Key insights:
1. Asia - US West Coast daily ocean rates dipped to $990/FEU yesterday, a new FBX low for this lane.
2. Conventional wisdom is that once excess inventories run down – and if consumer demand is there – the industry will enter a restocking cycle and ocean demand and rates will climb. Some recent projections had that rebound to above 2019 volumes set to begin already in March.
3. But falling rates through March and into April, increases in announced blanked sailings for the coming weeks, and contract negotiations still up in the air given the still-slumping spot market, may signal growing skepticism that any rebound has already begun or will kick in very soon.
• Asia-US West Coast prices (FBX01 Weekly) fell 1% to $1,006/FEU. This rate is 94% lower than the same time last year.
• Asia-US East Coast prices (FBX03 Weekly) decreased 1% to $2,097/FEU, and are 88% lower than rates for this week last year.

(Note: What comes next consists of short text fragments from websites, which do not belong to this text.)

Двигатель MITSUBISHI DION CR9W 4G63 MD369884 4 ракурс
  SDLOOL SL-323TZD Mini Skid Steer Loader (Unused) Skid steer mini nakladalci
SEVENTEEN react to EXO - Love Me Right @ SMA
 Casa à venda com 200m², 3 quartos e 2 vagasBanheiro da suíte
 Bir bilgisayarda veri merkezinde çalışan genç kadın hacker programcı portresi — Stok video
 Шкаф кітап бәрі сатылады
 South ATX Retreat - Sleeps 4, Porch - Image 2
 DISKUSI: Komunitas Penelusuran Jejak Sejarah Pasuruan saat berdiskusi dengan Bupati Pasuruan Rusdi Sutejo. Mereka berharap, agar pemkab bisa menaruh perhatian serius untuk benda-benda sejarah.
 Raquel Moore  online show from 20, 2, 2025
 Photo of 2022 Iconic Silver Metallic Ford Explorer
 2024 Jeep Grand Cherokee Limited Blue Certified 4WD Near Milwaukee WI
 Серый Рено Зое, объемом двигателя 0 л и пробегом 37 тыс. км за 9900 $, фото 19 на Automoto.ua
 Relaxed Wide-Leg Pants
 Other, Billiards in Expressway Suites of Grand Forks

• Asia-N. Europe prices (FBX11 Weekly) increased 1% to $1,344/FEU, and are 89% lower than rates for this week last year.
Analysis
Ex-Asia ocean rates were level this week, with last week’s average to the West Coast at $1,006/FEU. But daily rates this week have now dipped just below the $1k mark to a new FBX low for this lane. Transatlantic prices fell 3% to $3,771/FEU, a 54% drop compared to a year ago though still double 2019 levels.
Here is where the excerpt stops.